The Cadastral Section is responsible for restoring existing and obliterated corners of the United States Public Land Survey System. Hundreds of corners are restored, thousands perpetuated and documented through in-house projects, contracting and participation in the filing of Certified Land Corner Documents.
County Surveyor Co-op
Private Surveyor Co-op
A geodetic survey determines the precise position of permanent points on the earth's surface, taking into account the shape, size and curvature of the earth. Geodetic surveying techniques are applied when areas or distances involved are so great that desired accuracy and precision results cannot be obtained by ordinary or plane surveying. Geodetic measurements are now being done with the use of orbiting satellites that are positioned 12,500 miles above the surface of the earth.
The Geodectic Section defines and manages a consistent coordinate system based on latitude, longitude and heights throughout Missouri. This section is responsible for preservation and augmentation of the horizontal and vertical-control network in Missouri.

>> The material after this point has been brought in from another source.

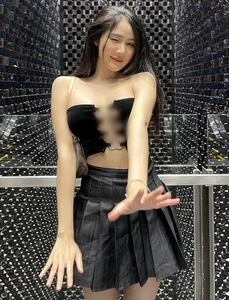 Bold Street Style Fashion: Viral Influencer Turns Heads with Daring Outfits - image 3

Electronic distance measurement equipment baselines throughout the state are used to validate and verify these instruments. The Missouri Geographic Reference System (GRS) is an extension of the National Spatial Reference System (NSRS). Currently, there are more than 13,000 of these monuments in Missouri. The technical data for these markers are available through the Land Survey Program.

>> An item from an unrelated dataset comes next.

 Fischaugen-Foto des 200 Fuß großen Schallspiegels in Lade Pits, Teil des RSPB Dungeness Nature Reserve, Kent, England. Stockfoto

EDM Baseline Documentation
An Electronic Distance Measuring (EDM) calibration will allow the operator to verify the EDM system constant and scale factor. If the EDM, Prisms, Tribrach are in calibration and the correct atmospheric corrections are applied, the results will be reflected in the returned report. If the system constant and/or the scale factor are not within the prescribed limits, the report will notify the sender. To access the information for an Electronic Distance Measuring (EDM) Calibration Baseline, click the appropriate baseline location on the map below.

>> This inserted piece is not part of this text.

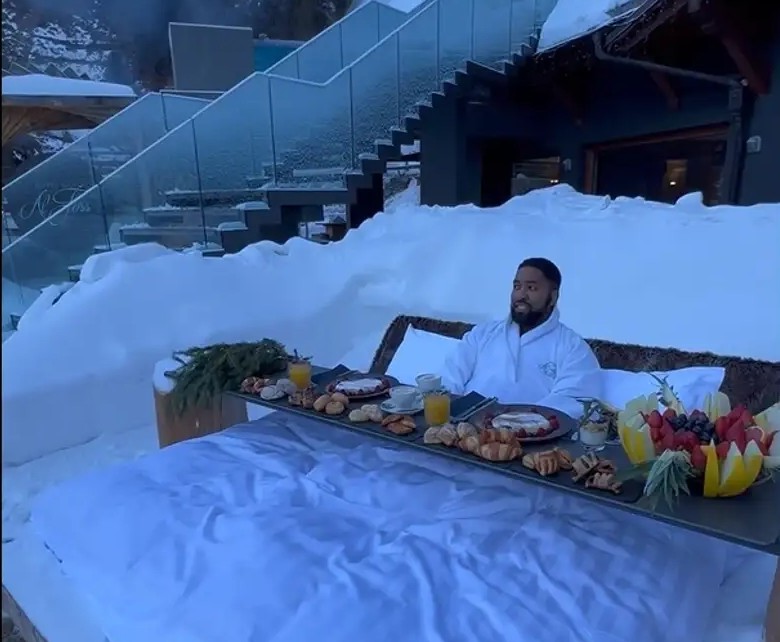 Una estación de esquí se hace viral por llevar el desayuno a una cama en la nieve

The EDM Calibration Baseline application performs a least squares adjustment and statistical analysis on distances observed by the user on a particular calibrated baseline. The user must complete the calibration form for the baseline to be used in the comparison prior to entering the observed distance information into the EDM Baseline Calibration application. The final test results from the EDM Baseline Calibration application will enable the operator to verify that the instrument is calibrated and is operating properly.
EDM Baseline Calibration
Status: Adjustment of the Missouri HARN was completed in March 1998
Geographic Reference System
Go to Geographic Reference System (control map)
How to Report: Report any monuments that may be in danger of destruction to the Program at 573-368-2300.
Records Repository Section
The development of a central repository for all land survey documents began in the early 1970s. The Repository Section now contains approximately two million documents in digital format. Land Survey documents play an extremely important part in the determination of land boundaries. Private land surveyors, title insurers, recorders, attorneys, real estate professionals, and landowners must rely on these documents.
The Repository is responsible for acquiring and archiving survey documents through contact with all county recorders and county surveyors in Missouri. Most of these documents are received digitally or by mail from the counties. The documents are then scanned, indexed, and filmed so they can be accessed through the Land Survey Index (LSI) and made available to the public for immediate download. A duplicate roll of filmed images is stored in the Secretary of State's vault for preservation purposes. These records have proven invaluable, as they have made possible the restoration of county land records where the original documents have been destroyed.